§ **HOW TO COMPLETE THIS TASK**
Please copy the records below word for word, leaving out the pictures.
-- STORED DATA follows --
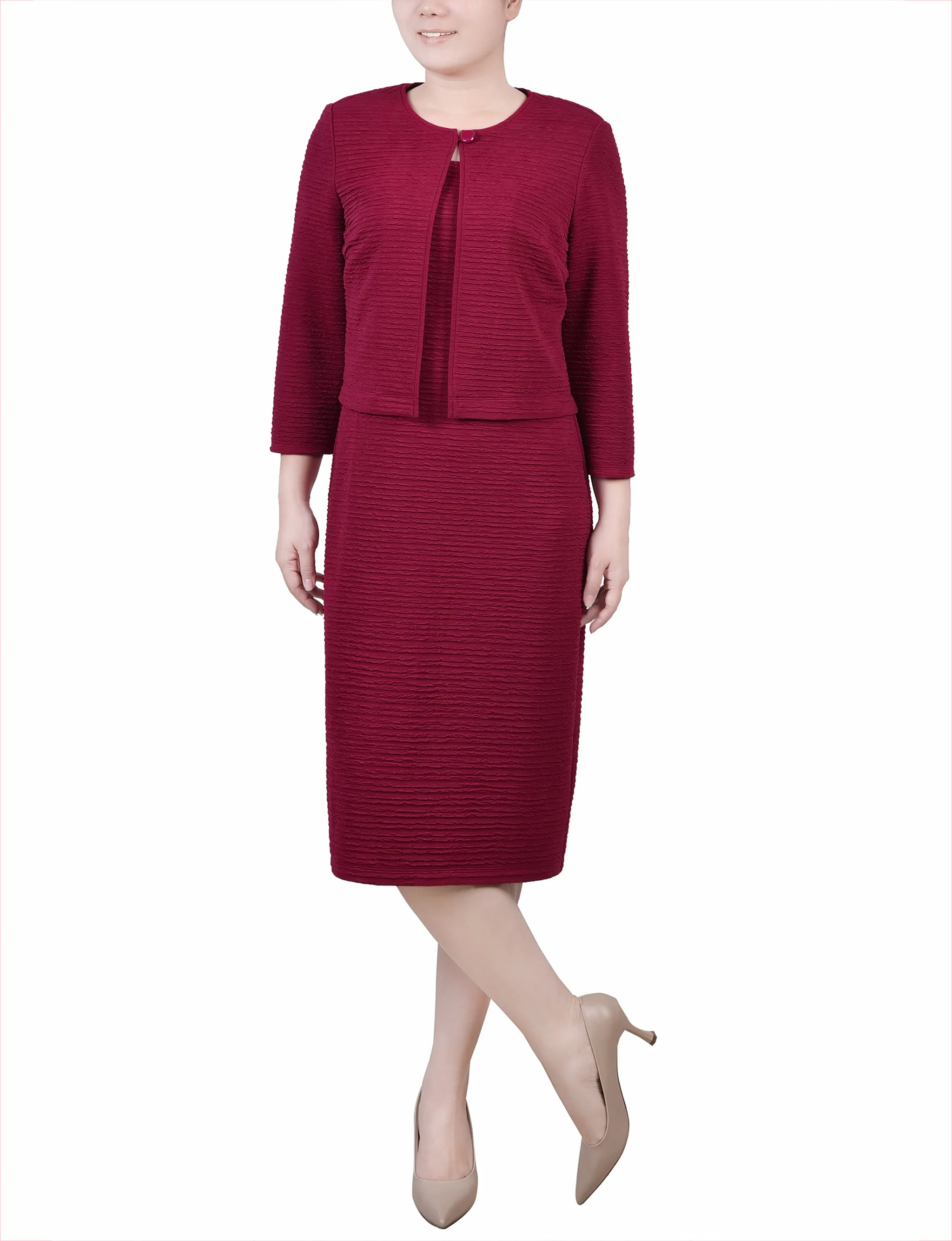 Petite Textured 3/4 Sleeve 2 Piece Dress Set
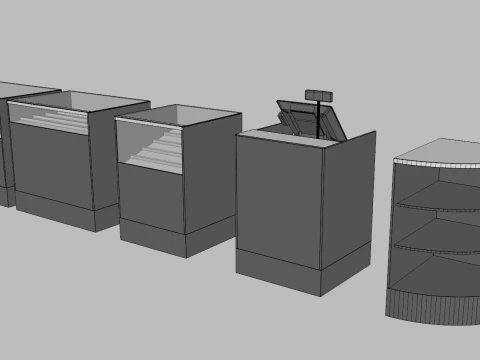 Counter Cashier Modules 3 3D Model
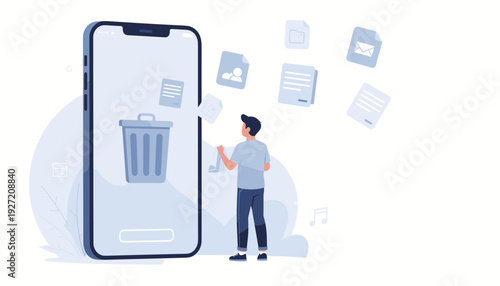Digital Data Management Concept Featuring a Man Cleaning a Smartphone by Removing Unnecessary Files, Folders, and Documents into a Trash Bin to Optimize Storage Space and Mobile Performance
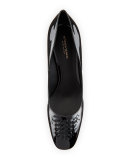Intrecciato-Toe Patent 80mm Pump, Black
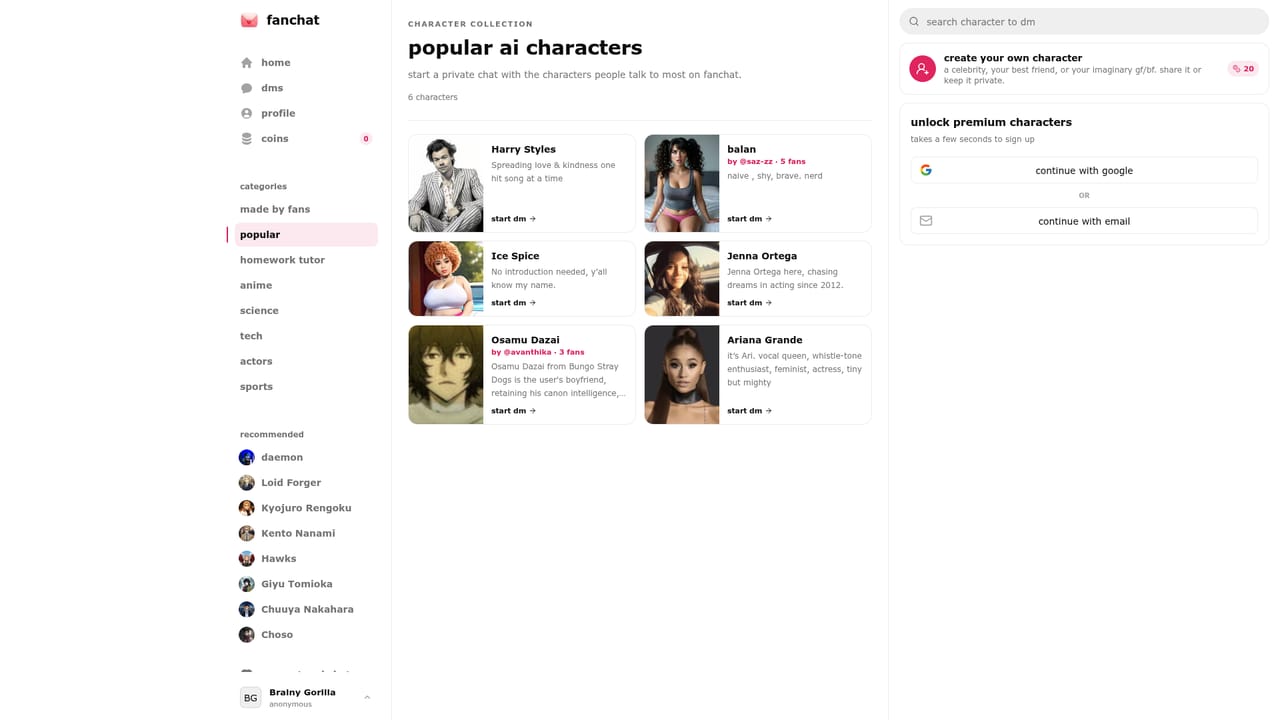 FanChat — Browse characters by interest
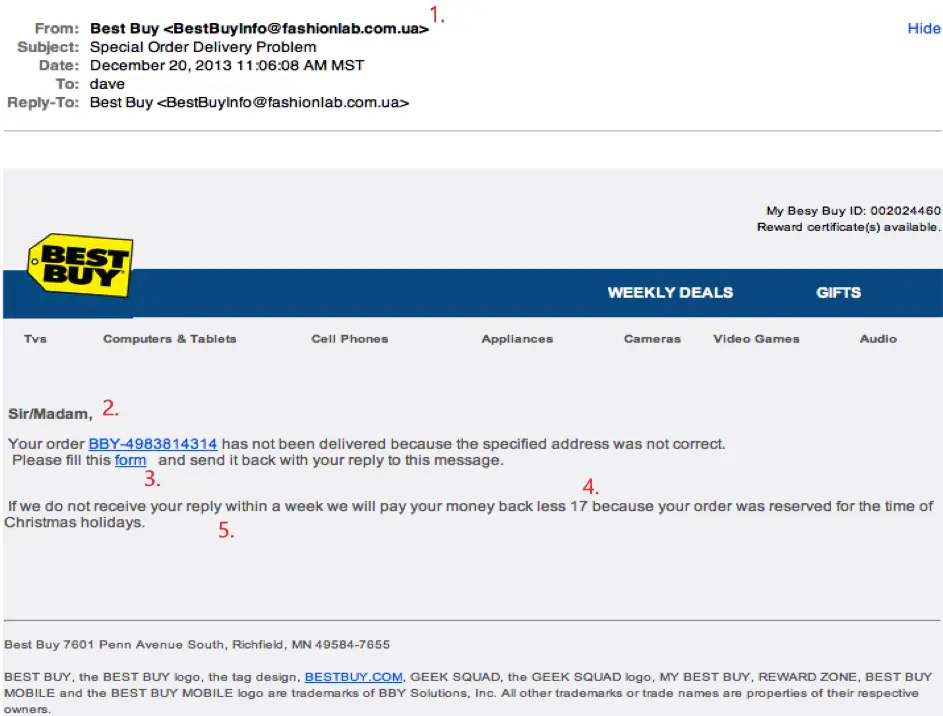 screenshot of a phishing email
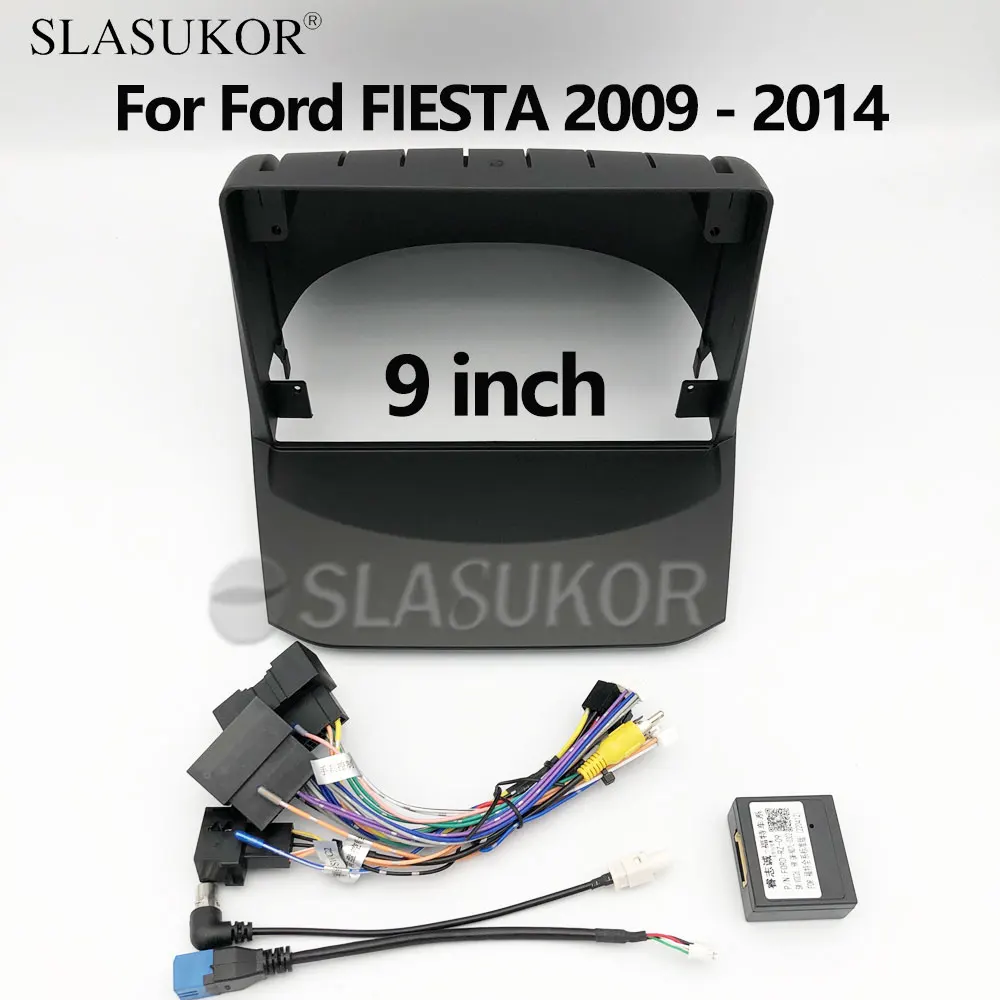 

9-дюймовая панель для Ford FIESTA 2009 2010 2011-2014, большой экран, рамка для аудиопанели, автомобильная фара, стандартная CAN-шина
-- STORED DATA concluded --
§ **ANSWER**
 Petite Textured 3/4 Sleeve 2 Piece Dress Set
 Counter Cashier Modules 3 3D Model
Digital Data Management Concept Featuring a Man Cleaning a Smartphone by Removing Unnecessary Files, Folders, and Documents into a Trash Bin to Optimize Storage Space and Mobile Performance
Intrecciato-Toe Patent 80mm Pump, Black
 FanChat — Browse characters by interest
 screenshot of a phishing email

9-дюймовая панель для Ford FIESTA 2009 2010 2011-2014, большой экран, рамка для аудиопанели, автомобильная фара, стандартная CAN-шина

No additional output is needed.